(Web page caption snippets)
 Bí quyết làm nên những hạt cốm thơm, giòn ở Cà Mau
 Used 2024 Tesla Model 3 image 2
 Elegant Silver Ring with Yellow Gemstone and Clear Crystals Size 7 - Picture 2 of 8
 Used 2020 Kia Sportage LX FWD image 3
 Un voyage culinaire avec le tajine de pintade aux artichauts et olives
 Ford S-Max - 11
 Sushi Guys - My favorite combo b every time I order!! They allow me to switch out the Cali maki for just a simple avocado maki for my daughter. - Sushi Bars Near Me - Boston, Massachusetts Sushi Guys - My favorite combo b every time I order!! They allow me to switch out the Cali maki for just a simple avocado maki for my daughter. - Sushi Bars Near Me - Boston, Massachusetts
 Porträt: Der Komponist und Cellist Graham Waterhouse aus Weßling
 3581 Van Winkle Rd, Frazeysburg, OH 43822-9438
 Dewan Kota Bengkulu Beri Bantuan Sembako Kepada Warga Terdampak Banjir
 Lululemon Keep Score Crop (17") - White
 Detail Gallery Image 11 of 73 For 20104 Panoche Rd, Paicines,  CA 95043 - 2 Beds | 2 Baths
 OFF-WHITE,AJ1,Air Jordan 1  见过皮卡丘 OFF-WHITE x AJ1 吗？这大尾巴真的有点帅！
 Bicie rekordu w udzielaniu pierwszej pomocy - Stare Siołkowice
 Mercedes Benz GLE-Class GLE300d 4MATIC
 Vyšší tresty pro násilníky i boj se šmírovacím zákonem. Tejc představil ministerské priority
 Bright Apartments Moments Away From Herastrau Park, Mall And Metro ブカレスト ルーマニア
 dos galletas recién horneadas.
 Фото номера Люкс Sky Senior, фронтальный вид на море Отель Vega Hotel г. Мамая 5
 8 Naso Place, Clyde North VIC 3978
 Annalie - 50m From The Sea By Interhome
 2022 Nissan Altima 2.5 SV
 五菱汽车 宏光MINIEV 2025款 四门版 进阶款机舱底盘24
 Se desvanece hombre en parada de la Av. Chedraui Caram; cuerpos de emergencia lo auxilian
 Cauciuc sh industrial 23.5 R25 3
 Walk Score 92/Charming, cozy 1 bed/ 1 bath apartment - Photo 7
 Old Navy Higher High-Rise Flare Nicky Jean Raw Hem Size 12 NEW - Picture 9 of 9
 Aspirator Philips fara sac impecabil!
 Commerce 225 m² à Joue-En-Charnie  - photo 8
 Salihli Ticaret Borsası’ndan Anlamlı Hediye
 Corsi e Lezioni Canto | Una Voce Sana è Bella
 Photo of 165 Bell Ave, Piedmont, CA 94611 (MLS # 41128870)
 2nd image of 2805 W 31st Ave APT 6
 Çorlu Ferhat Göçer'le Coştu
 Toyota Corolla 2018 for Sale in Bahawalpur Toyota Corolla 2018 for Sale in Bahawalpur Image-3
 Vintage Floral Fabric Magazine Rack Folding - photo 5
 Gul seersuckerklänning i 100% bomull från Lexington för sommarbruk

> **TASK OBJECTIVE**: Exactly the lines running from the top of the records to the line that contains "Vyšší tresty pro", inclusive, must be set down, and nothing more.

> **ANSWER SECTION**:
 Bí quyết làm nên những hạt cốm thơm, giòn ở Cà Mau
 Used 2024 Tesla Model 3 image 2
 Elegant Silver Ring with Yellow Gemstone and Clear Crystals Size 7 - Picture 2 of 8
 Used 2020 Kia Sportage LX FWD image 3
 Un voyage culinaire avec le tajine de pintade aux artichauts et olives
 Ford S-Max - 11
 Sushi Guys - My favorite combo b every time I order!! They allow me to switch out the Cali maki for just a simple avocado maki for my daughter. - Sushi Bars Near Me - Boston, Massachusetts Sushi Guys - My favorite combo b every time I order!! They allow me to switch out the Cali maki for just a simple avocado maki for my daughter. - Sushi Bars Near Me - Boston, Massachusetts
 Porträt: Der Komponist und Cellist Graham Waterhouse aus Weßling
 3581 Van Winkle Rd, Frazeysburg, OH 43822-9438
 Dewan Kota Bengkulu Beri Bantuan Sembako Kepada Warga Terdampak Banjir
 Lululemon Keep Score Crop (17") - White
 Detail Gallery Image 11 of 73 For 20104 Panoche Rd, Paicines,  CA 95043 - 2 Beds | 2 Baths
 OFF-WHITE,AJ1,Air Jordan 1  见过皮卡丘 OFF-WHITE x AJ1 吗？这大尾巴真的有点帅！
 Bicie rekordu w udzielaniu pierwszej pomocy - Stare Siołkowice
 Mercedes Benz GLE-Class GLE300d 4MATIC
 Vyšší tresty pro násilníky i boj se šmírovacím zákonem. Tejc představil ministerské priority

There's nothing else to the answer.